Мантенья писал эти девять холстов долго, почти десять лет. Непонятно, зачем великий старик истратил последние годы на то, чтобы изобразить такую, в сущности, пустую сцену. Прежде писал Распятия и Святого Себастьяна, Мертвого Христа и Сретенье — но зачем истратить последние годы, время завещаний и важнейших слов — на изображение суеты? Изображен парад, демонстрация мощи и спеси. Нарисованы люди, которые не в силах обособить свое существование — всех влечет общее движение в строю, им уже не вырваться из парада суеты.
Если смысл в том, чтобы показать суету триумфа, то это очень небольшой смысл: и одного холста хватило бы. А десяти лет на такое послание — истратить жалко.
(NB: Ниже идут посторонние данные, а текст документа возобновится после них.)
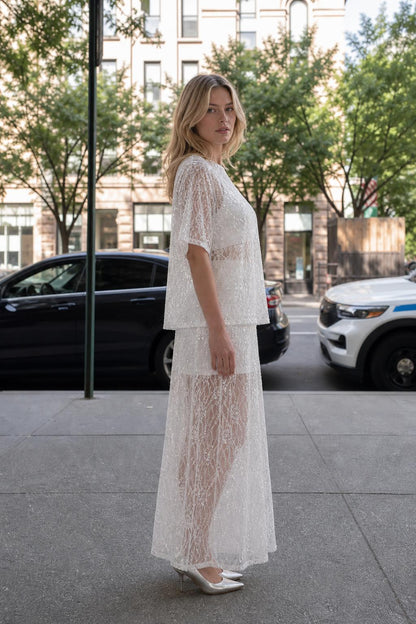Side profile view of woman in white sequin lace matching set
То есть сегодня это нормально: сегодня принято тратить жизнь на то, чтобы славить суету, но для Мантеньи это было нетипично.
Вообразите, что великий художник, мудрый человек (знаток латыни и древних текстов) тратит годы на тщеславную картину (или на разоблачение тщеславия, что одно и то же) — ему что, времени не жалко? Кстати, это единственная картина Ренессанса, которая написана не на заказ — художник писал вопреки воле семейства Гонзаго, при дворе которых жил. Писал он по своему желанию, он, очевидно, хотел сказать нечто важное.